======== INPUT RECORDS ========

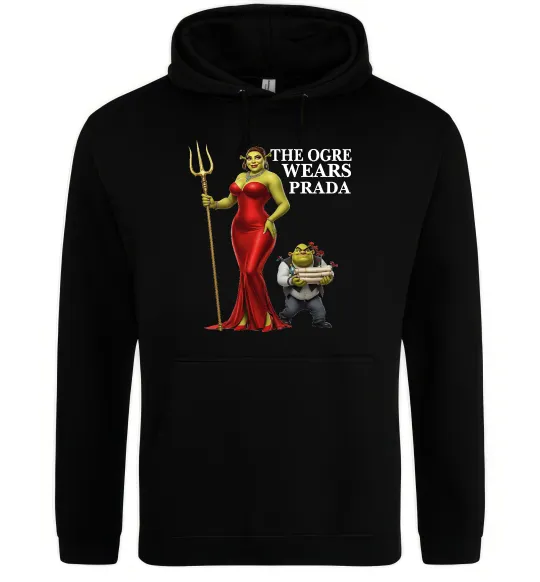Жіноча толстовка (худі) Огр носить прада Чорний фото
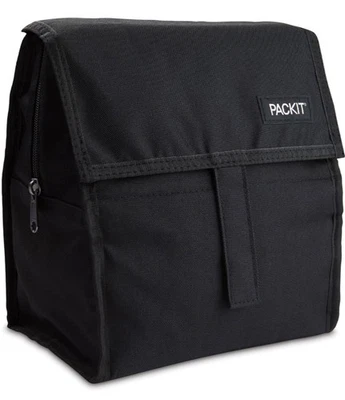 NEW PackIt Freezable Lunch Bag with Zipper AND hook&loop Closures - Black NEW - Image 1 of 4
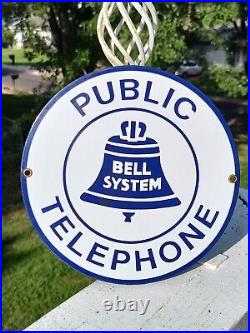 Vintage Bell System Porcelain Sign Public Telephone Pay Phone 8.5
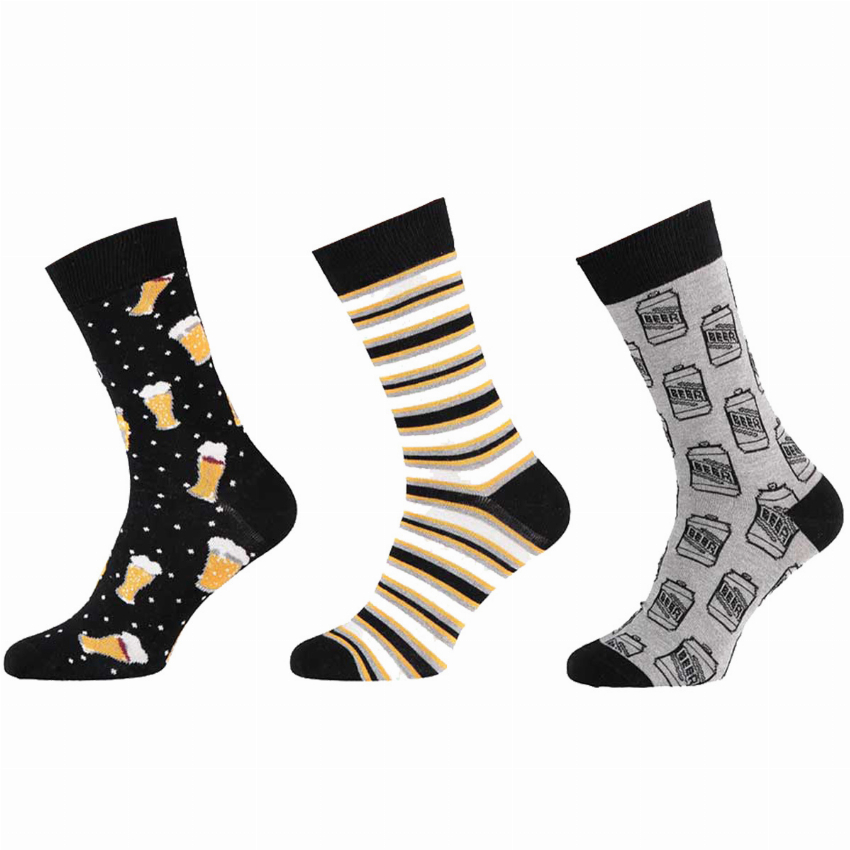 Apollo Apollo Heren Sokken Katoen Bier Printen Strepen 3-paar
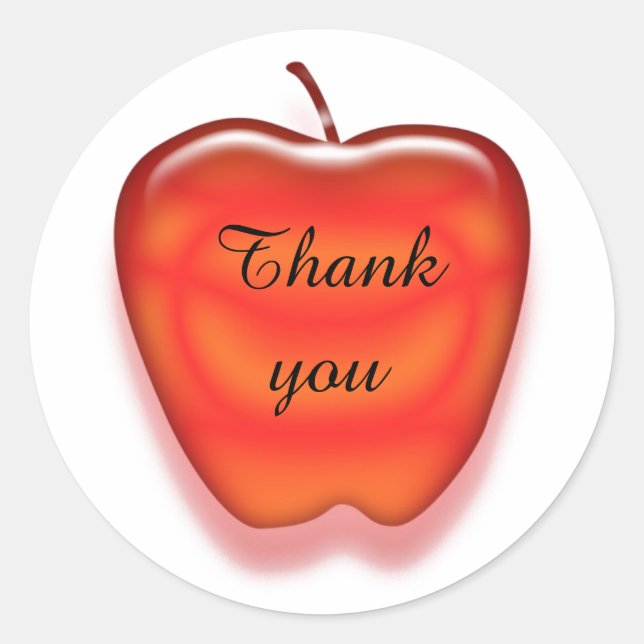 Inexpensive Bright Red Apple Thank You Teacher Classic Round Sticker (Front)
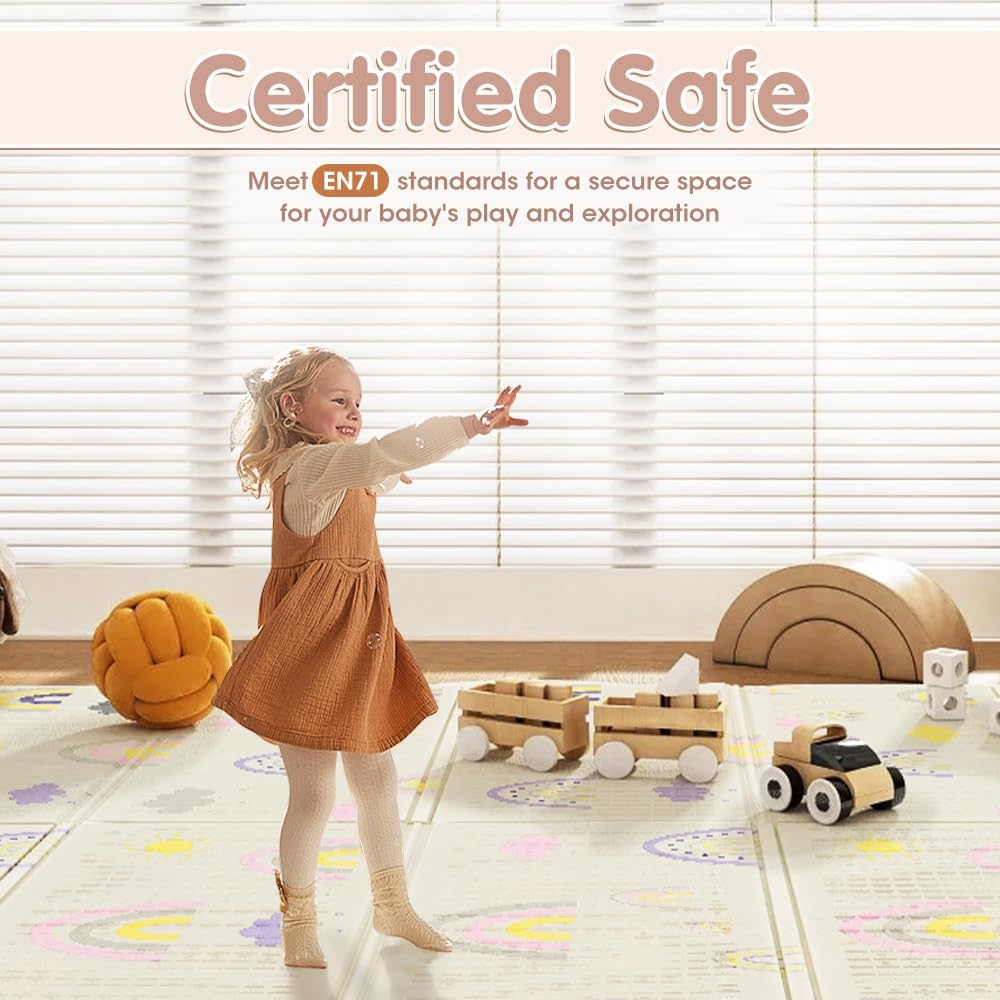 Playpals 200&times;180CM Foldable Baby Play Mat, Double-Sided Waterproof Playmat for Babies, Toddlers & Infants, Reversible Baby Mat with Travel Bag, Indoor and Outdoor Use, Rainbow+Tall Buildings - Rainbow Stripes image number 2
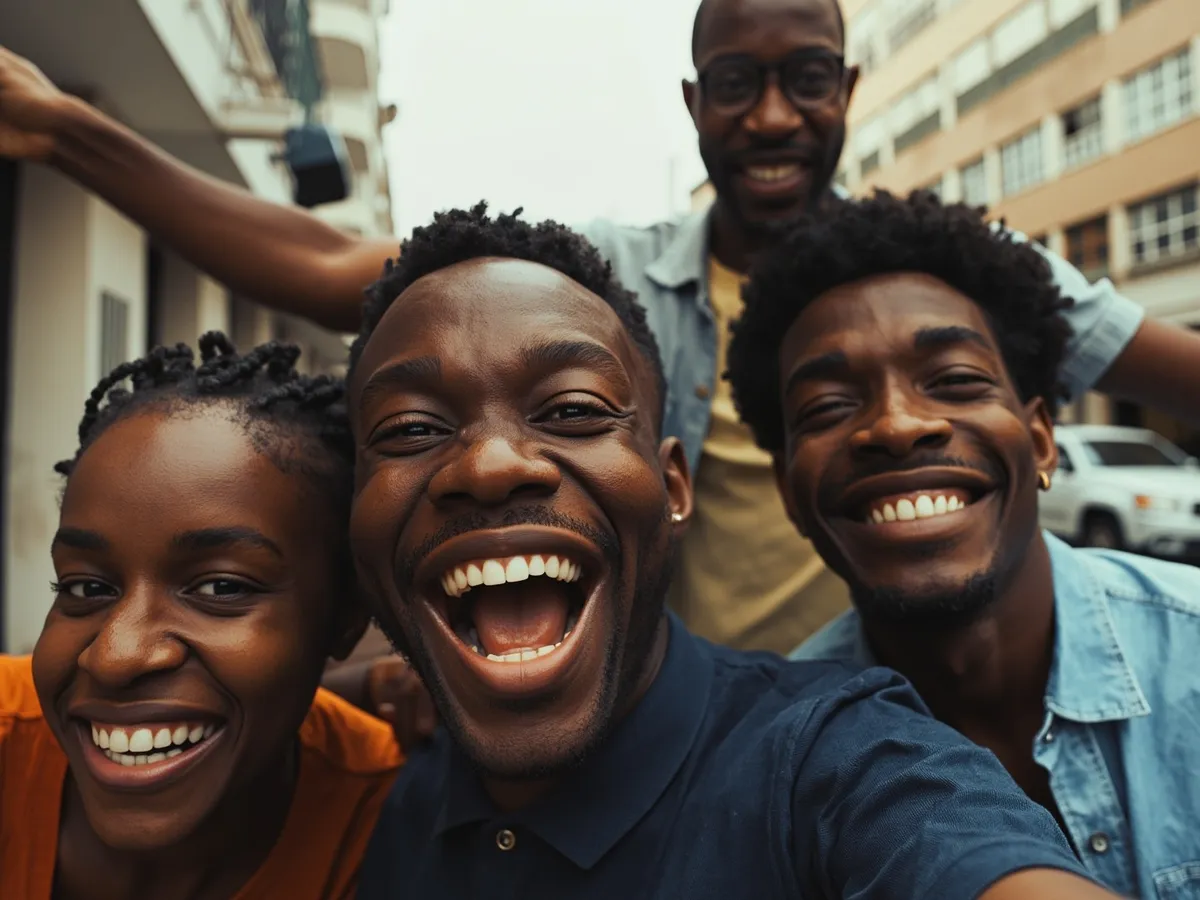 Computer-generated image: four friends laughing together in a group photo on a quest day out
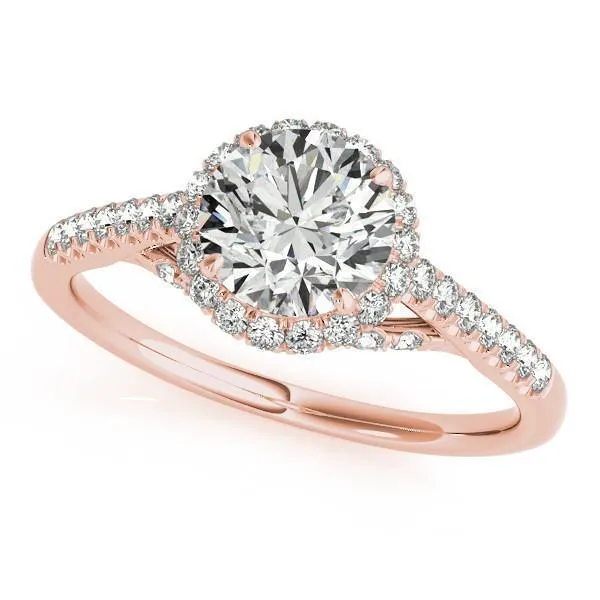 Carole Round Center Stone Cathedral Halo Engagement Ring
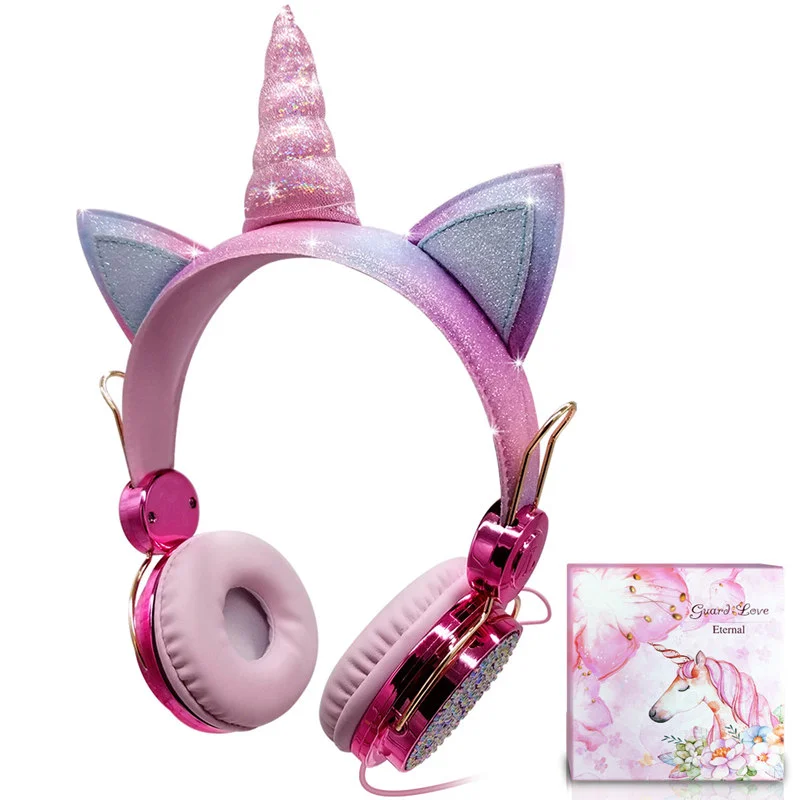 Headphone Kids Unicorn With Wired Control And Mic Gaming Wired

========

Drop the pictures; return the lines above from the line containing "Apollo Apollo Heren" to the line containing "Inexpensive Bright Red", both included, exactly.

WORKED SOLUTION -
 Apollo Apollo Heren Sokken Katoen Bier Printen Strepen 3-paar
 Inexpensive Bright Red Apple Thank You Teacher Classic Round Sticker (Front)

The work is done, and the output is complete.